#### [Try it]
Where an entry contains an image, leave the image out; restate everything else exactly.

━━ Material provided

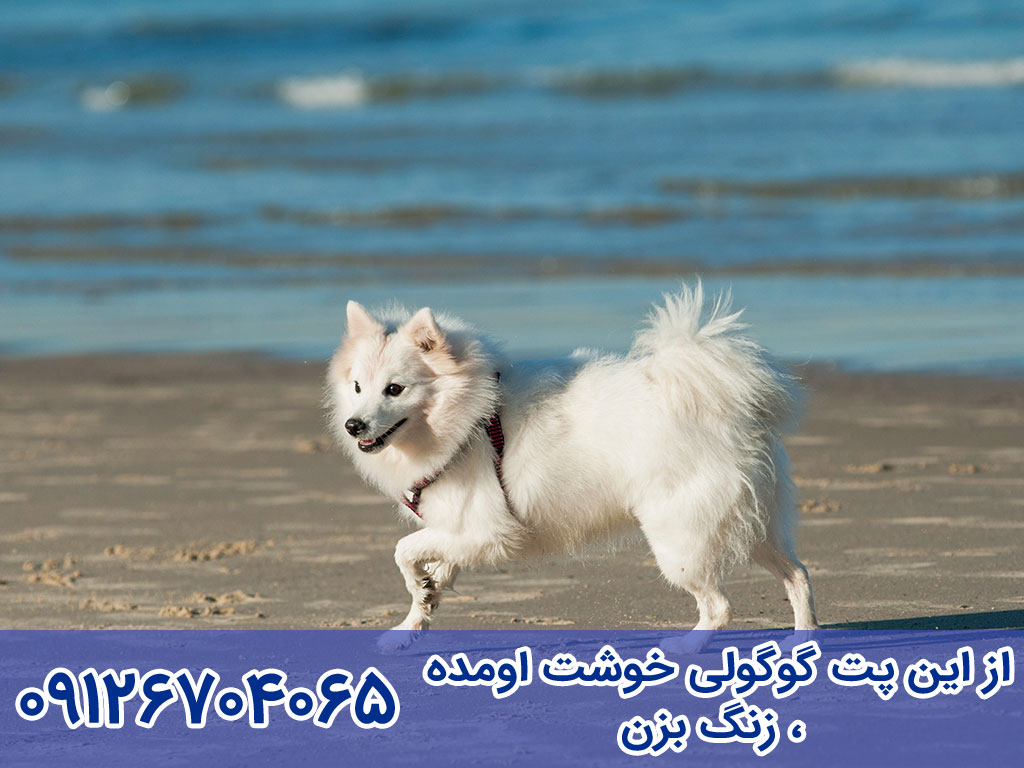 آموزش تربیت و نگهداری سگ جاپانیز اشپیتز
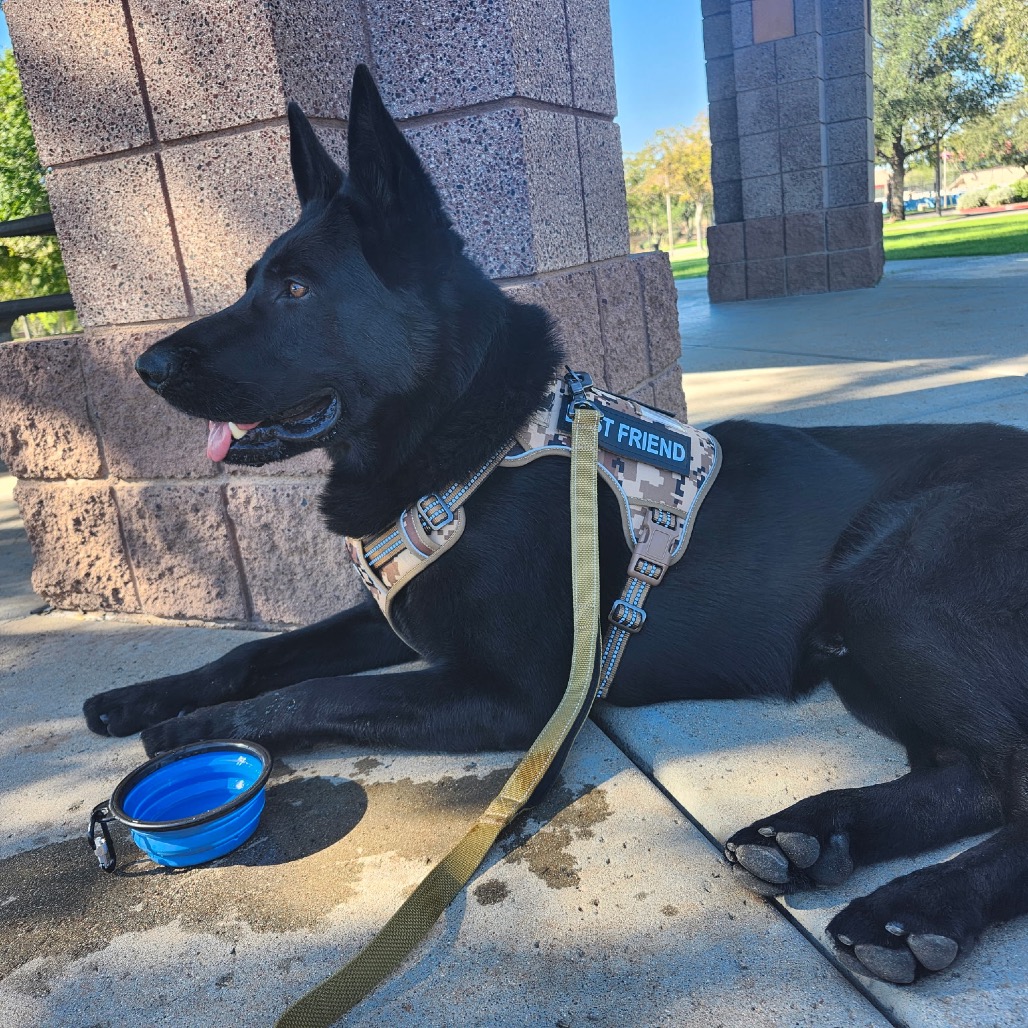 Maximus, photo 12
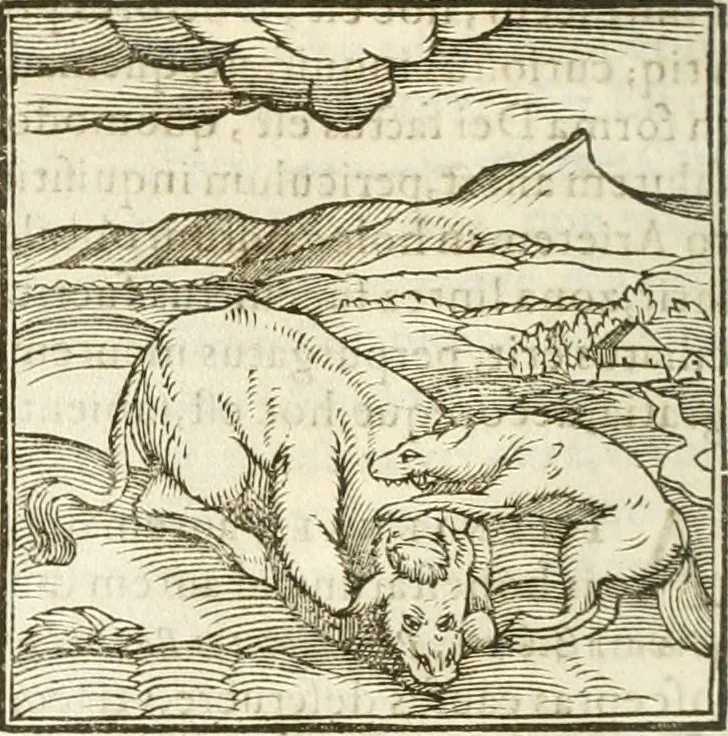 An illustration from Hieroglyphica, seu De sacris Aegyptiorum aliarumque gentium literis commentarii, 1594, leaf 47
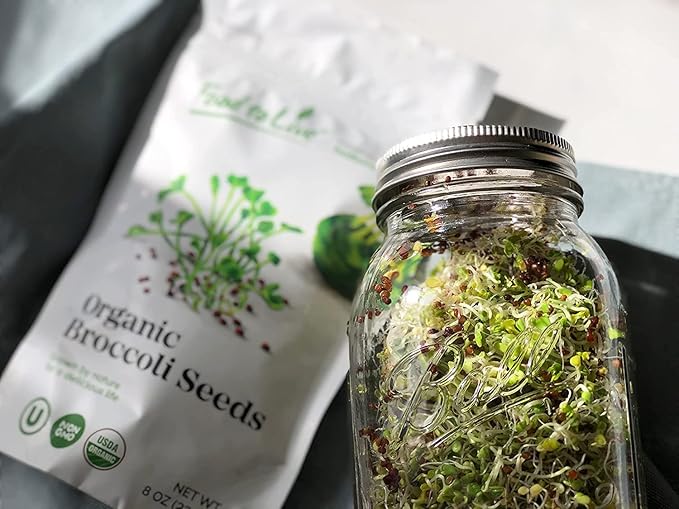 Food to Live Organic Broccoli Seeds for Sprouting, 2.5 Pounds – Non-GMO, Vegan, Kosher, Sirtfood, Bulk. Rich in Sulforaphane, Vitamin C. Grow Sprouts, Microgreens for Salads, and Sandwiches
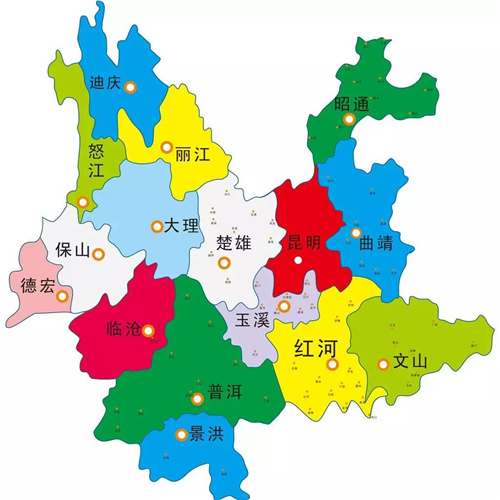 雲南小粒咖啡品種解析：從卡蒂姆到鐵皮卡的風味、產區與衝煮建議
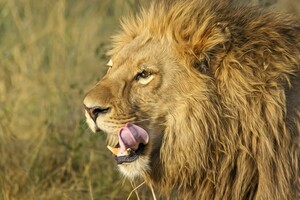 South African Lion Wallpaper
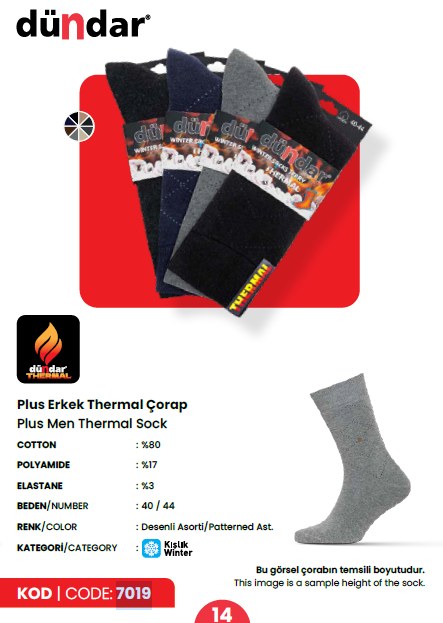 Dündar 7019 Thermal Dikişsiz Erkek Çorap ASORTİ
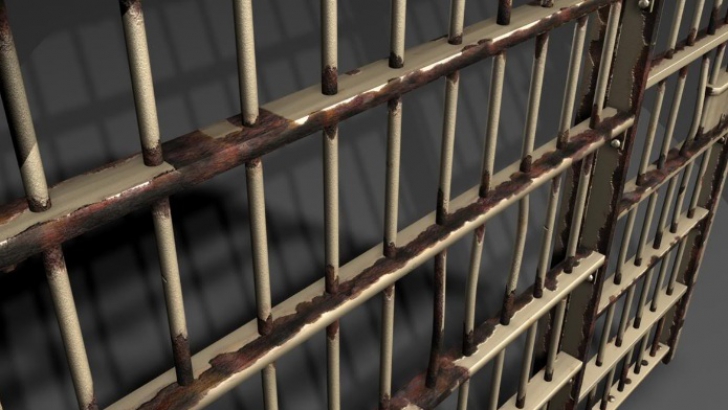 Fost director al Agenţiei de Mediu Vaslui, condamnat definitiv la opt ani de închisoare cu executare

━━━━

#### [Expected answer]
 آموزش تربیت و نگهداری سگ جاپانیز اشپیتز
 Maximus, photo 12
 An illustration from Hieroglyphica, seu De sacris Aegyptiorum aliarumque gentium literis commentarii, 1594, leaf 47
 Food to Live Organic Broccoli Seeds for Sprouting, 2.5 Pounds – Non-GMO, Vegan, Kosher, Sirtfood, Bulk. Rich in Sulforaphane, Vitamin C. Grow Sprouts, Microgreens for Salads, and Sandwiches
 雲南小粒咖啡品種解析：從卡蒂姆到鐵皮卡的風味、產區與衝煮建議
 South African Lion Wallpaper
 Dündar 7019 Thermal Dikişsiz Erkek Çorap ASORTİ
 Fost director al Agenţiei de Mediu Vaslui, condamnat definitiv la opt ani de închisoare cu executare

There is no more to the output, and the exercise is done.